Data below
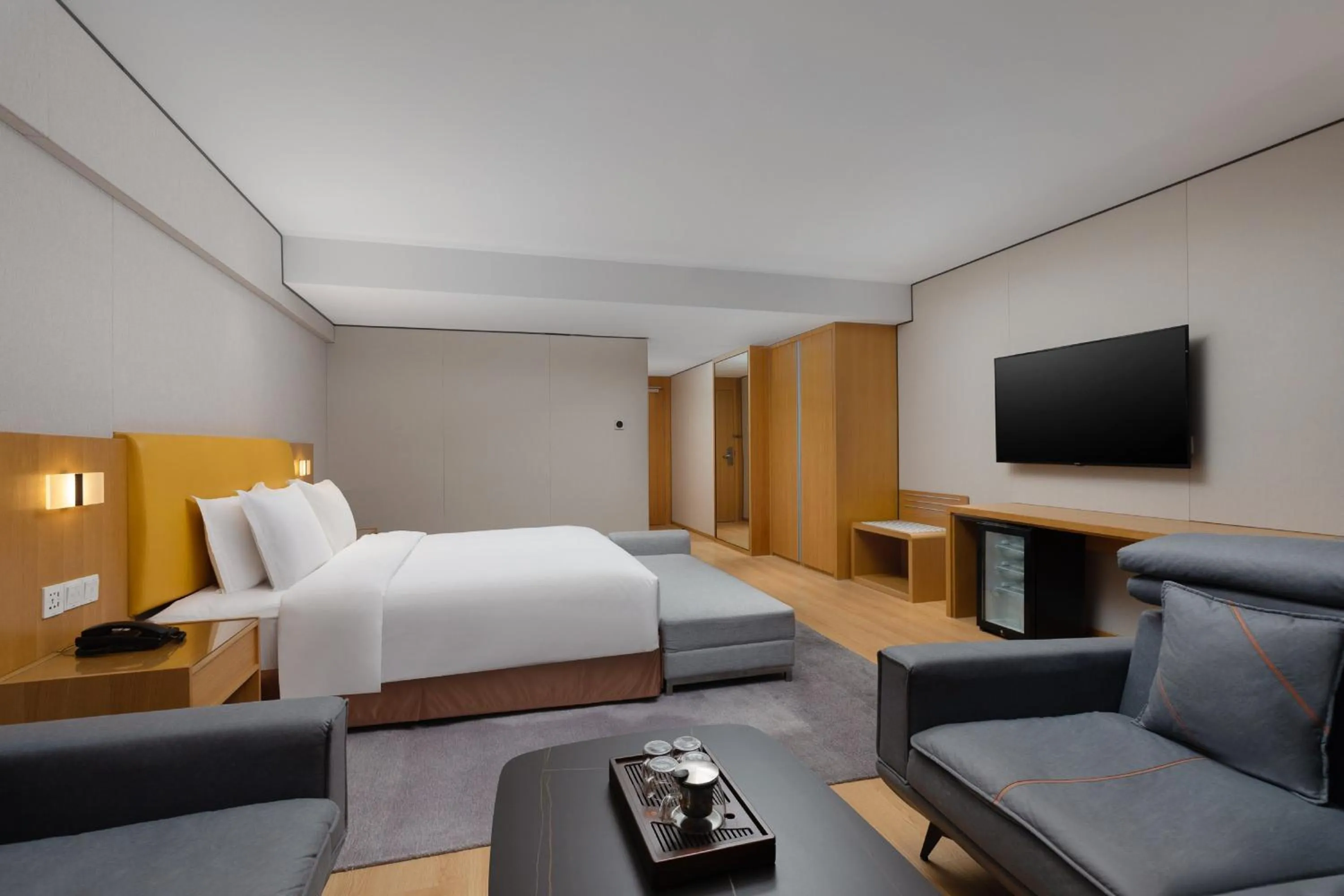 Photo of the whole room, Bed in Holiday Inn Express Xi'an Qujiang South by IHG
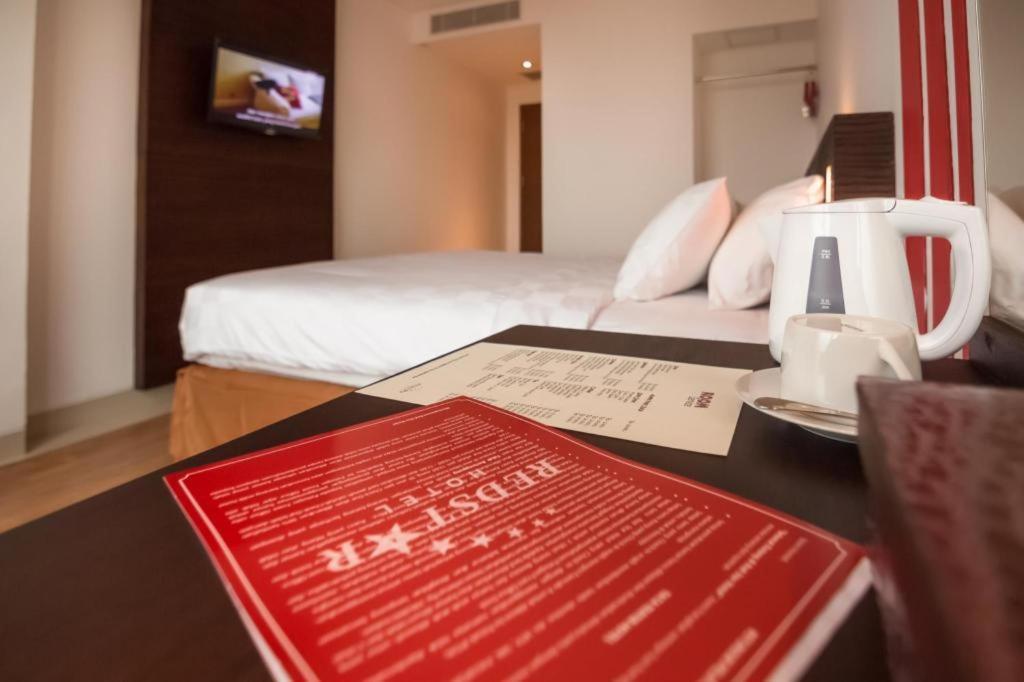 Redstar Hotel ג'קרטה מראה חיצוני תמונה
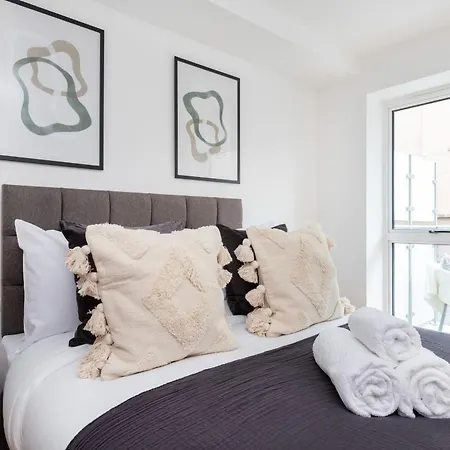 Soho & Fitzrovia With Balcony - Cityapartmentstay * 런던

Assignment
Transcribe the listing exactly. Its images are to be omitted.

Your response
 Photo of the whole room, Bed in Holiday Inn Express Xi'an Qujiang South by IHG
 Redstar Hotel ג'קרטה מראה חיצוני תמונה
 Soho & Fitzrovia With Balcony - Cityapartmentstay * 런던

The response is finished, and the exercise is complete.